I love The Amazing Race. I live vicariously through these world travelers doing things I'd be too chicken or airheaded to accomplish. The kids have really gotten into it, too. Overall, it's a pretty benign show, but of course sometimes people get tense and stressed and lose their tempers with each other.

The other day Ethan was playing a game on the Wii when I heard him bark out at one of the characters on the screen, "What the hell are you doing?"

It wasn't just the words, it was the inflection of his voice. I knew exactly who he was mimicking.

"Ethan, did you hear Jen and Keisha from The Amazing Race saying that?" He acknowledged yes.

This brings me to my next point: How in the world do you explain which "bad words" not to use to someone who is so completely innocent and literal?

Right around the same time, someone on the episode called someone else a "bitch."

"Bad word!" I called out. I'd decided to just straight out identify the words he couldn't say.

"Why is it a bad word?" he asked.

And of course I was completely stumped. Anna sat there, looking expectantly at me as if she were waiting for an explanation as well.

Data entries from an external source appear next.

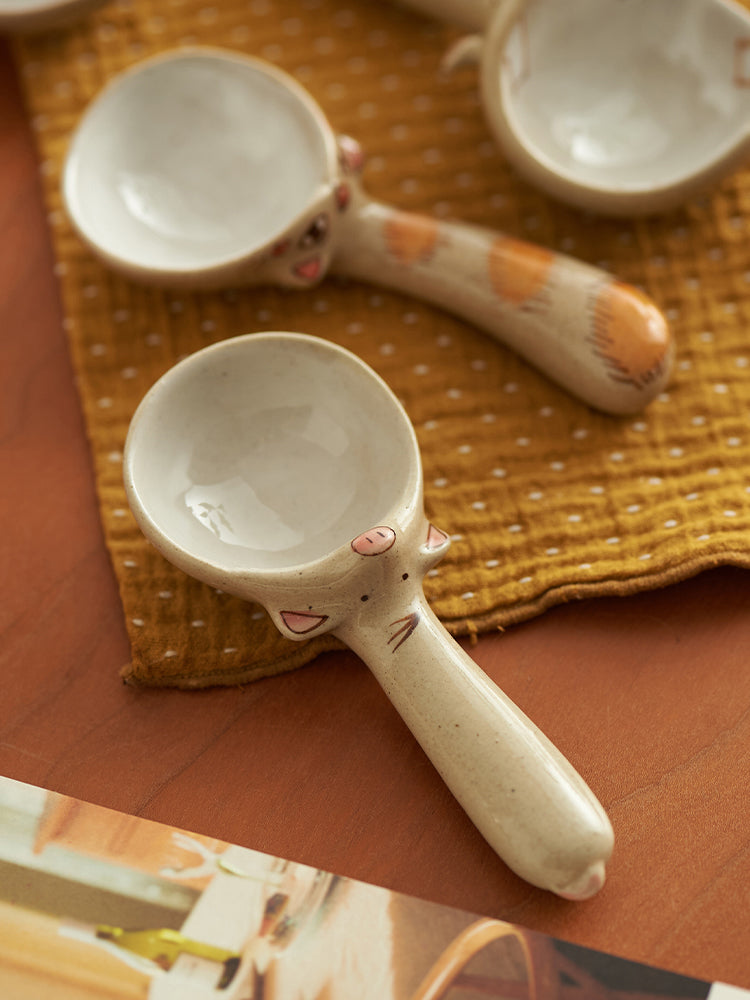 Lovely Ceramic Catoon Coffee Spoon - PeauleyHome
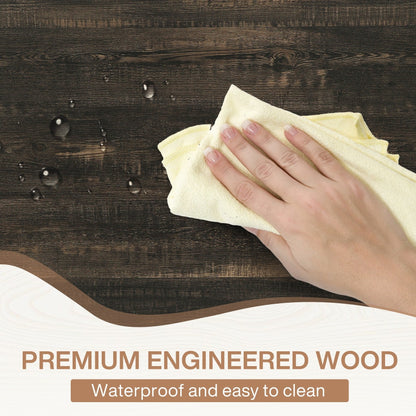 Table à manger de style ferme pour 6 personnes, table de cuisine rectangulaire en bois de 70,8 pouces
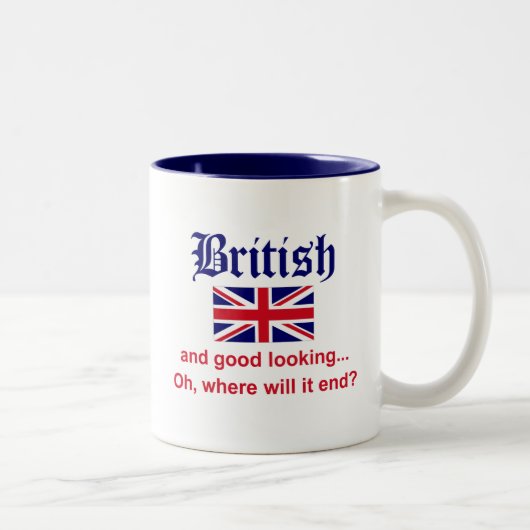 格好良いイギリス ツートーンマグカップ (右)
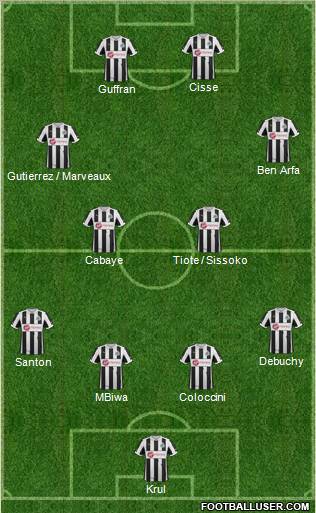 Newcastle United Formation 2013
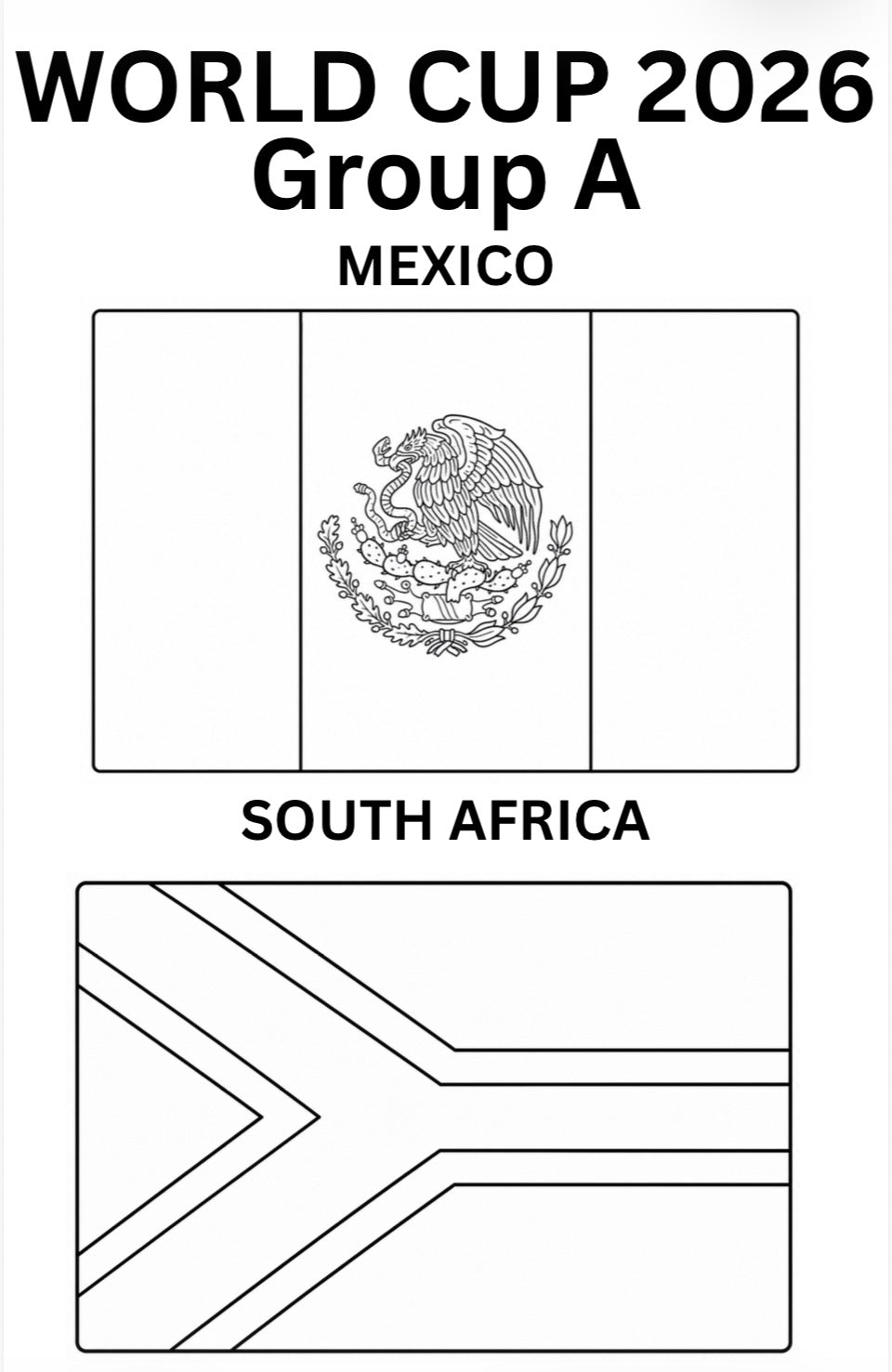 Printable World Cup 2026 Country Flags – Instant Digital Download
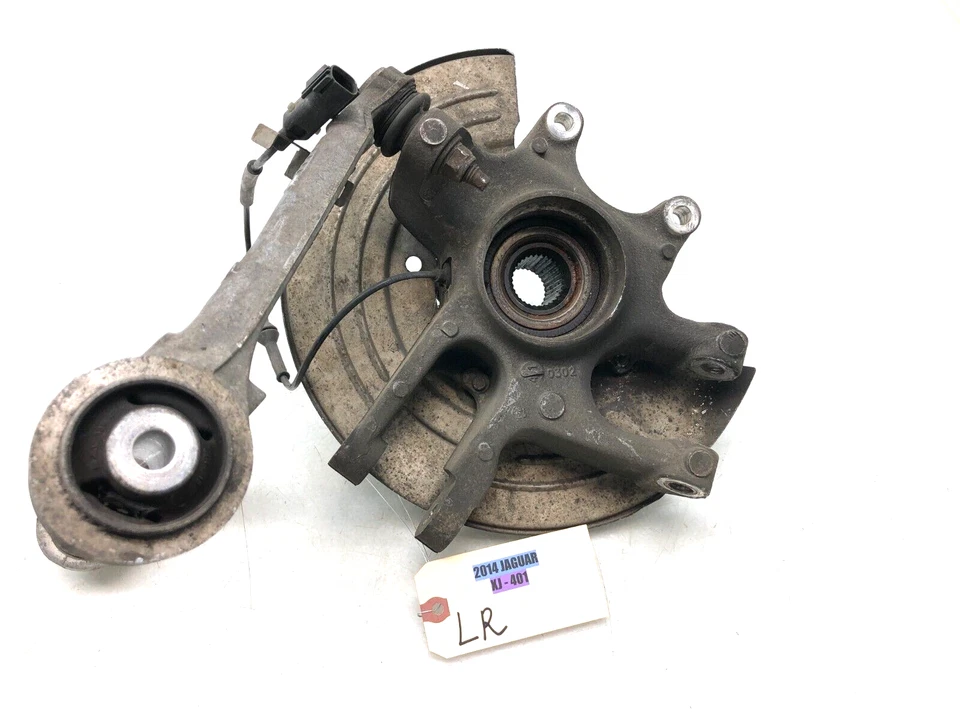 Jaguar XJ 2010-2019 AWD conductor izquierdo husillo trasero nudillo buje sensor de velocidad fabricante de equipos originales. Foto 1 de 4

"Well, there are certain words, and they are considered rude when we say them to people. They're not polite, and we don't use them..." This was quite possibly the lamest explanation I'd ever given as a parent. I briefly considered looking up swear words on Wikipedia. How DID these things come to be known as the "bad words?"

A few days later, we were watching Back to the Future and I knew I'd have to be on Bad Words Patrol. Now, I know conventional wisdom is to not overreact about your child saying something inappropriate or it will encourage them to keep saying it. But I did feel I needed to instill a little dose of healthy fear into Ethan. I could just see him getting mad at his teacher and demanding in his best Jen-from-Amazing-Race-voice, "What the hell are you doing!?"

I love Back to the Future. For years it was one of my favorite movies. We've been waiting to watch this with the kids. While it has a few "questionable moments," it's pretty innocent, overall. I knew some of the stuff would go right over Ethan's head. But when we got to the part where Doc Brown starts revving up his Delorean time machine in the mall parking lot and says, "When this baby gets to 88 miles per hour, you're going to see some serious sh..."

"...Bad word!" I called out again, realizing how ridiculous this was.

"Don't say that word at school. You could be sent to the principal's office," I said sternly. Ethan looked at me quizzically.

I'm just grateful we haven't (and won't be) watching anything with the "F" word.

I guess this is one of those times where that old adage about the parent not having to offer their child explanations about everything, or reasons why they are being disciplined, applies. "Parents do too much talking these days," I heard a wise woman who counsels parents and families say not long ago. I was glad she reminded me that sometimes, it really is okay to just end a statement with, "Because I said so." It doesn't mean I'm turning into a tyrant, or into my own parents. It's just part of life and parenting. Some things can't be explained. Like how sh%$# became a swear word. I just can't go there.